Hong Kong (CNN) – Global economic uncertainty is bringing some good news for U.S. exporters, as traders in Latin America have seen a reduction in buys from China in favor of closer-to-home suppliers.
“There are signals of an economic slowdown,” Mario Nigrinis, Principal Economist at BBVA Bank Hong Kong told CNN, “we expect a slight deceleration.”
Mexico, the largest Latin American importers of Chinese goods with US$46 billion in 2010, has seen purchase growth rates diminish, from 20.5% year-on-year in the first half of 2011, to 18.5% in the third quarter, to 13% in August, according to data compiled by BBVA.
Brazil followed a similar path, with growth rates contracting from 37% in the first half of this year to 26% in the third quarter.
A Guangzhou-based businesswoman saw a decline in her trade from China this year. “We see a 20% reduction,” Angélica Villegas Botero, Managing Director of Investment Logistics Company, told CNN.
Villegas compared her usual 150 containers a year, with an estimated 130 for 2011.
Her core business is exporting shoes and apparel from Asia, mainly China, to her native Colombia. She also has operations throughout Latin America, from Mexico to Argentina.
A Latin American shipper is seeing a similar drop. “We usually expect increased Christmas shipments around mid-July,” Sebastián Santa Cruz, Director of the Chilean shipping company CCNI-Agunsa in Hong Kong, said.

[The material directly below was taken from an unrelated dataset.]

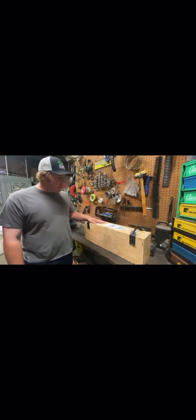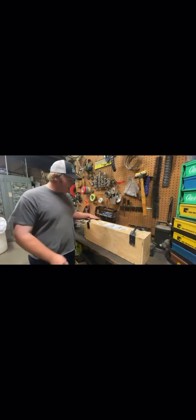Hey guys, this is my new Ronin manifold that just showed up. I'm going to do an unboxing and review.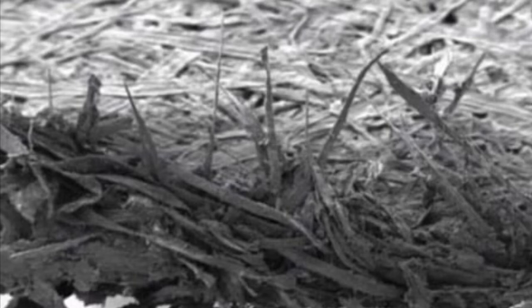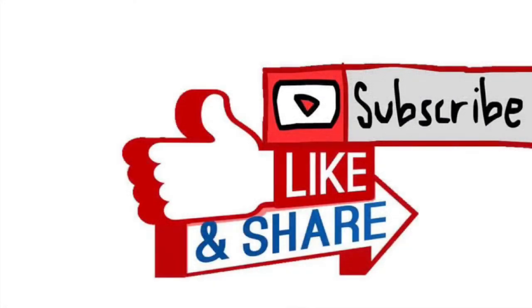Until then, have fun. Keep drawing, keep improving, and choose the right paper — don't settle for second best. If you have to pay an extra £10 or $10, then do it, because it's going to improve your work. Please like, share and subscribe, and I'll see you on the next video.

While containers cross the Pacific from Chile laden with copper to meet burgeoning Chinese demand, they will more likely return empty when once had textiles, footwear and consumer electronics.
But this year’s peak shipping season from Asia to Latin America was only an unfulfilled promise. “We’ve seen our business decline,” Santa Cruz said.
Over half of CCNI-Agunsa’s business is shipping copper from the world’s largest exporter, Chile, to China. While the reference price for this metal slid around 20% since the beginning of the year, the shipper still sees growth.
Why? It appears Latin America is re-aiming north.
“I believe that the ups and downs in the economy, like the European debt crisis and weak demand in the U.S. have hit investors, importers,” Santa Cruz told CNN. “They are taking less risk, not increasing inventories [in Latin America] and just-in-time supplies become more relevant.”
Villegas agreed. Many of her clients preferred to pay for small air shipments delivered in a few days only, instead of going through the months-long process of procuring, shipping and processing full container loads from China.
When purchases have to be fast and low-risk, closer suppliers become more relevant.
Villegas said the U.S., Brazil and Mexico are stepping in to supply Latin American retailers during this slowdown in purchases from China.
So this year’s Christmas gifts in the region may, after a long break, be made in the U.S. again.